Thanks for reading!!!
Jinni J.


  1. Thank you for sharing. Your post really touched me. My husband and I are just starting this journey with our little girl. She will be starting an early intervention program in January and we work on speech and ABA therapies at home. It's so great to hear that your daughter has come so far. I've done my fare share of crying already and now I'm plowing forward, finding everything I can to help my daughter succeed as a child on the spectrum. I love someone with autism, too. And I'm starting to be really excited for our future. Thank you again for sharing your experience.

    1. Thanks Krystal. It's a long journey but it is so worth it. I'm so happy to hear your little one is about to start Early Intervention. I mean it really changed our world. We are our children's best advocate and cheering squad. :) The future is a bright one I can assure you. I've had less issues with Abrial having autism than I've had with Madyssen having ADHD. Both my girls are angels and there are struggles here and there but that's with any parent with children. Good luck with the program with she starts in January. I'll be thinking of you all. :)

  2. Jinni,

    I'm truly at loss of what to say are right. We are the best advocates for our children. If it hadn't been for our daycare, we wouldn't have known about Brian's hearing loss. Early intervention is key.

    Your daughter is as beautiful as her mother.


    1. Thank you so much! You are very sweet. It is truly amazing what early intervention can do for us and our children. :)

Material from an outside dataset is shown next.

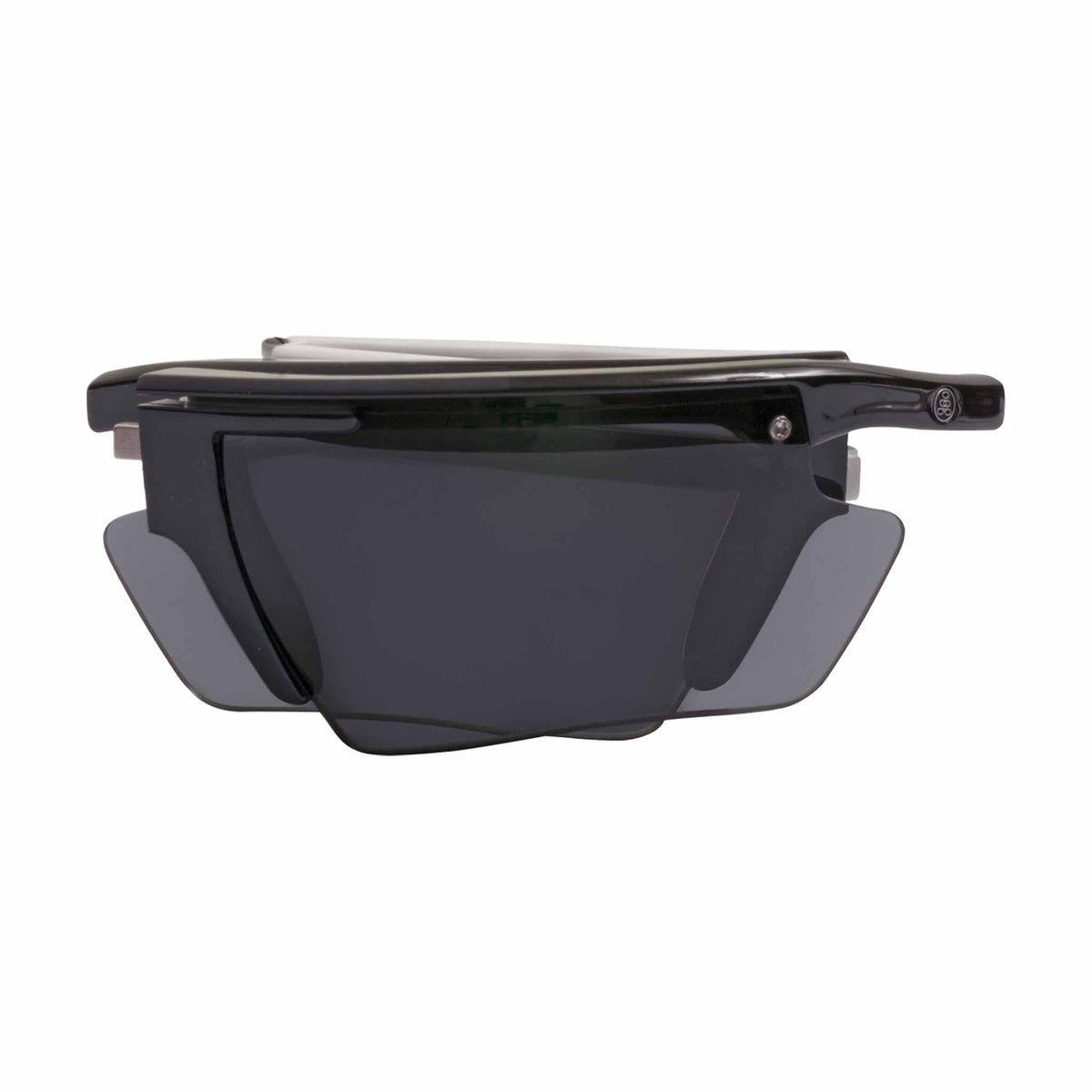 Popticals, Premium Compact Sunglasses, PopEdge, 010091-WGGP, Polarized Sunglasses, Gloss Black and White Frame, Gray Lenses, Compact View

  3. Congrats on such an amazing kid. She is as lucky to have you as a mom as you are to have her as a daughter.

  4. Love this, Jinni! Thanks for the window into your lives :-)

  5. Jinni, what an amazingly beautiful post!!!! What a wonderful mom you are, and she is a true blessing!!!

  6. I love someone with autism too. My daughter who turns 5 this Dec 29th was diagnosed at age 3. Early intervention really is key! We noticed it at 2 and got her into therapy @ 2 1/2 years old. She is in full-day preschool at the local special needs school. Her class is set up specifically for children with autism. We also use sign language to help communicate.
    Our son is currently in speech therapy and we are switching his early interventionist with an occupational therapist. He turned 2, Nov. 1st.
    Big hugs to all who love someone with autism. It's been hard and some days I just want to hide and cry. It's also been some of the best days of my life.